Hacking Skill assessment

Subject’s work products were assessed on:

Number of working harnesses
Number of bugs found
Number of bugs reproduced

A working harness was defined as: any harness that found new paths shortly after starting. A bug was defined as: any termination by a signal that may result in a core dump. All measurements were then combined into a single score with each category was given equal weight. A Friedman signed-rank test was used with an acceptance criteria of 0.02. The results were found to not be significant.

Group	p-value
All twelve participants	0.02024
Group one	0.10782
Group two	0.12802

Ancillary data

Team member work activities were categorized and binned into hour-long blocks based upon time spent with X11 focus on Firefox for each strategy. No significant difference in work activities were found between depth-first search and breadth-first search based on a Wilcoxon signed-rank test. The Firefox browsing history also did not significantly relate to the strategy the team utilized.

Materials Produced

Both teams produced more materials using breadth-first search over depth-first search.

Team	Method	Materials
A	S_d	151
A	S_b	588
B	S_d	177
B	S_b	387

Discussion

Our discussion on this paper went down many paths during the course of meeting. This summarizes the main points that we talked about.

Criticism

The first thing we talked about was that this paper’s evaluation may not represent the real world of vulnerability hunters. In the real world, you don’t search for bugs for only 10 days, and you most certainly don’t DFS for only 5 days. When comparing DFS and BFS in such a short period, of course BFS will win in finding more bugs, but these bugs are often less impactful. The paper does not address this issue in it’s evaluation. Often in the real world you DFS for months on a single target. In some way we felt a comparison of bugs may have been warranted to distinguish the impact of the bugs. This can be seen in the graph above in Materials Produced section.

Continuing on this idea, the authors measure success from teams in terms of bug creates and materials created from these two methods. We feel it was important again to mention that simply because another group created more materials, does not mean the materials were useful. A better method for measure material output would be measure the amount of materials generated that were used by expert level hackers to find bugs. Simply comparing general materials is not a good way of showing if any of the material was useful for research towards discovering a bug.

On a realted matter, we felt that this paper now makes it harder for other papers in the field to discuss results pertaining to hacking in the DFS method. This happens because this paper shows/claims that the BFS methods is a better method for hacking efficiently in a group of hackers, and thus every paper after this will need to address how they beat this paper. If the evaluation in this paper truly was flawed, then papers in the future will find it increasingly difficult to outperform this paper.
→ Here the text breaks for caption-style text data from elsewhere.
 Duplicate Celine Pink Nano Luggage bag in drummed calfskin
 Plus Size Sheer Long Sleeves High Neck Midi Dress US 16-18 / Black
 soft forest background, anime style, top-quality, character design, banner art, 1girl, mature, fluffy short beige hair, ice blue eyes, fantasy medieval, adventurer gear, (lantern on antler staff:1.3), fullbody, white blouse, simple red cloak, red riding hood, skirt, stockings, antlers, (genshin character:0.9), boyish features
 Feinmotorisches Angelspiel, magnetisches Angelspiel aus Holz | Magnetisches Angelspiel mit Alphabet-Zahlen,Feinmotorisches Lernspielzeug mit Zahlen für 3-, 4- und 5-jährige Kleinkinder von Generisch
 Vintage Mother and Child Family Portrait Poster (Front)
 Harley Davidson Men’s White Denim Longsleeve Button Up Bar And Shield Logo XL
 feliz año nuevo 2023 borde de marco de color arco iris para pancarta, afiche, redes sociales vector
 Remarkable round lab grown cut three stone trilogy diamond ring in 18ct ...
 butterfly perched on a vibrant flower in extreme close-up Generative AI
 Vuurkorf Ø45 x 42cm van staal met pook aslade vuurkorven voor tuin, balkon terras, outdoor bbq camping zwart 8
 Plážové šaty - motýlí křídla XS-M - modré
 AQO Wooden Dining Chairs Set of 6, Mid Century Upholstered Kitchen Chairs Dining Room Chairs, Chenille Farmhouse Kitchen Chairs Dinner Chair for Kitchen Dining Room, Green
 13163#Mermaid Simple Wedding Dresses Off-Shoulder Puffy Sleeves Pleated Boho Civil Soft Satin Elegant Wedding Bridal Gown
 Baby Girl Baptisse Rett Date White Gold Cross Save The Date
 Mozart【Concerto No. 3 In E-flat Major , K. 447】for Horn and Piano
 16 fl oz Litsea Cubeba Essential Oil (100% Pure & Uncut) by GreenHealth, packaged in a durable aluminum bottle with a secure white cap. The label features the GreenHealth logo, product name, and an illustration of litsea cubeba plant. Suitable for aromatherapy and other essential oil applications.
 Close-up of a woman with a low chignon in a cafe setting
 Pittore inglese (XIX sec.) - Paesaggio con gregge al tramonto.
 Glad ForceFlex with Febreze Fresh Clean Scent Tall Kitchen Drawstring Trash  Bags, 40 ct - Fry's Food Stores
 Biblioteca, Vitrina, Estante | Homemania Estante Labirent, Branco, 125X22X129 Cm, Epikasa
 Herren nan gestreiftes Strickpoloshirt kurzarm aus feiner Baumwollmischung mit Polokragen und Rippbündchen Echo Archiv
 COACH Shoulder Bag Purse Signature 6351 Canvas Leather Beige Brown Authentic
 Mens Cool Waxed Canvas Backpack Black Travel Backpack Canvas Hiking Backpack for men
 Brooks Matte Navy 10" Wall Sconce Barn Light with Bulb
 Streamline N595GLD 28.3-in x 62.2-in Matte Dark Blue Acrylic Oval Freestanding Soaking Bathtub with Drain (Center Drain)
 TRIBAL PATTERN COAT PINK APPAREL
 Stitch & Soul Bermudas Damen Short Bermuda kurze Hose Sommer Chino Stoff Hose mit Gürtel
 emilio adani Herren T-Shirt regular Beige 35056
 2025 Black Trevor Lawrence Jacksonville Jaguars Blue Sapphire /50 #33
Showing that BFS is always better than DFS, with possibly flawed evidence, makes it hard for future papers to go forward.

Measuring Human Utility

One discussion that ensued during the earlier criticism section was the way this paper could have measured success. This paper mostly focuses on bugs and material collection and tries to relate that to finding more vulnerabilities, but we thought that might not be the only thing that is valuable. Human utility could be highly relevant to this paper. In this paper, the periodic surveys shows that participants feel happier and more confident when they work in the BFS methods, and consequentially have more utility due to being happy and less frustrated. This paper could have addressed how working in the BFS method is a powerful way to maximize human utility (or the amount of work each person can output), which may not be directly correlated to the amount of bugs produced. This would hold a gripping argument that when working with many people, DFS decreases the amount of human utility.

Contribution to the Community

Overall, we felt this paper ushered in a novel idea about measuring the productiveness of bug hunting and how different methods may relate to the new methods of looking for bugs. This was indeed a paper that may have opened a door to an entirely new area of research in computer security.